I was just a naive kid at the time. That's how I got snookered.
It happened in the spring of 1978. My best friend Ayresie and I had quit our jobs as cooks at the Ponderosa Steakhouse to start a business rebuilding retaining walls. We put an ad in the community paper and some fool attracted by the cheap labor, no doubt entrusted his driveway wall to us.
After a week of hard labor we completed the job. After we paid for our supplies and Mitch Morton's dad's truck we'd hired Mitch to haul off the excess stones and dirt we were each left with a profit of $100.
My father was eager for me to put my very first profits into my college fund, but I had a better notion. I was going to "invest" that money and turn it into thousands.
An interesting scheme had come to our community, you see. To participate, you needed $100. You'd give $50 to the person who brought you into the scheme. Then you'd mail another $50 inside a birthday card to a name at the top of a list of 10 names.
Your name would then be placed on the bottom of the list and your task was to find two other suckers to cough up $100 each each person would give you $50, so you'd get your $100 back and then each person would find two other people and so on.
As your two people brought in two people, your name would then be on four lists; as those four people got two people, you'd be on eight lists, then 16, 32, 64, 128, 256, 512 and so on.
So long as the scheme continued to expand so long as you were one of the early participants in the scheme your name would move up to the top on thousands of lists. Thousands of participants would send you $50 in the mail.
That's exactly what happened to the lucky early participants.

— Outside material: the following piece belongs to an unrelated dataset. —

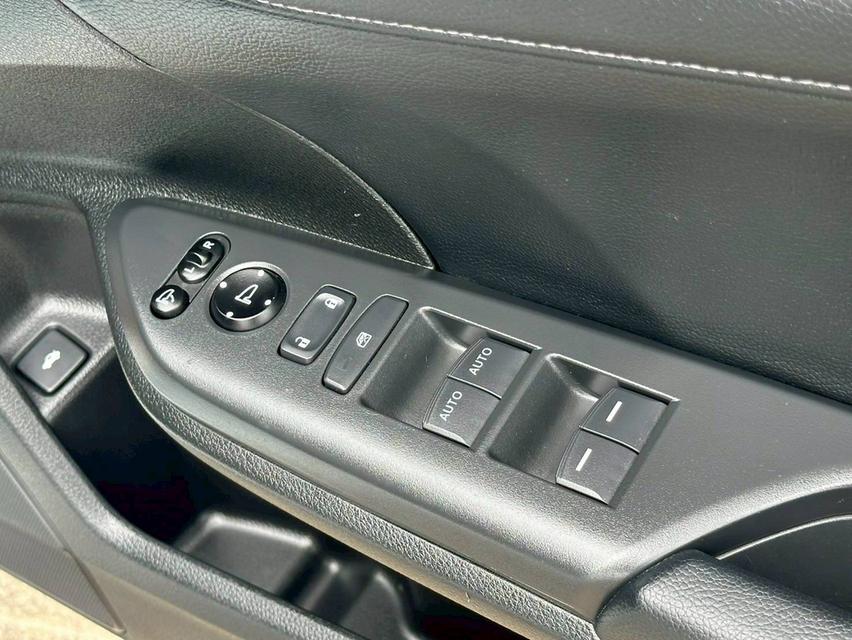 Honda Civic 1.8 EL MNC (FC) 2019 จด 2020 10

They made thousands of dollars off the deal though their postal carriers wondered why so many people were so interested in their birthdays.

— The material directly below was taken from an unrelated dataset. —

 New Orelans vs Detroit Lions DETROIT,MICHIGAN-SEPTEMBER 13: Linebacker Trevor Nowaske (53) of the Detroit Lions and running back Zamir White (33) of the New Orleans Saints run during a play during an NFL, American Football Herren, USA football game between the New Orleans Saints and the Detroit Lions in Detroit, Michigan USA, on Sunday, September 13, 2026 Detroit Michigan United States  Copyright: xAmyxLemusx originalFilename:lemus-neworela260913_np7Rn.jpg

But of course the scheme was unsustainable for the rest of us. It was a classic pyramid scheme a simple shifting of wealth from the many to the few.
You see, in time, there weren't enough suckers to risk their $100. The scheme finally collapsed under its own weight and a lot of people ended up just as I did.
Broke.
I learned from the experience, though. I learned that every pyramid scheme has three stages. The first was enthusiasm the folly that huge returns would come pouring in. The second was realization that you've been duped out of your hard-earned dough. The third was embarrassment you felt shame and regret for letting your emotions cloud your judgment.
This knowledge has helped me avoid numerous financial schemes over the years.
I was puzzled that tech stocks kept soaring in the '90s, when few tech companies we're earning profits, and I avoided that collapse.
I was puzzled that housing prices were doubling and tripling earlier this decade, when the average income remained the same, and I avoided that collapse, too.
And now I'm puzzled by the latest nutty idea that our government can prop up our economy through massive expansion and spending.
President Bush was no stranger to such spending. In 2002, he was the first president to propose a $2 trillion budget. In 2008, he was the first to propose a $3 trillion budget.
But President Obama puts Bush to shame. Despite a severe economic downturn, he's the first president to propose a nearly $4 trillion budget and he's enthusiastic about it!
Whereas Bush nearly doubled our debt (from $6 trillion to $11 trillion), Obama wants to nearly double it again (from $11 trillion to $20 trillion) in only 10 years! Such a public debt would be unsustainable.
Even a 16-year-old kid wouldn't be dumb enough to invest in a scheme like that.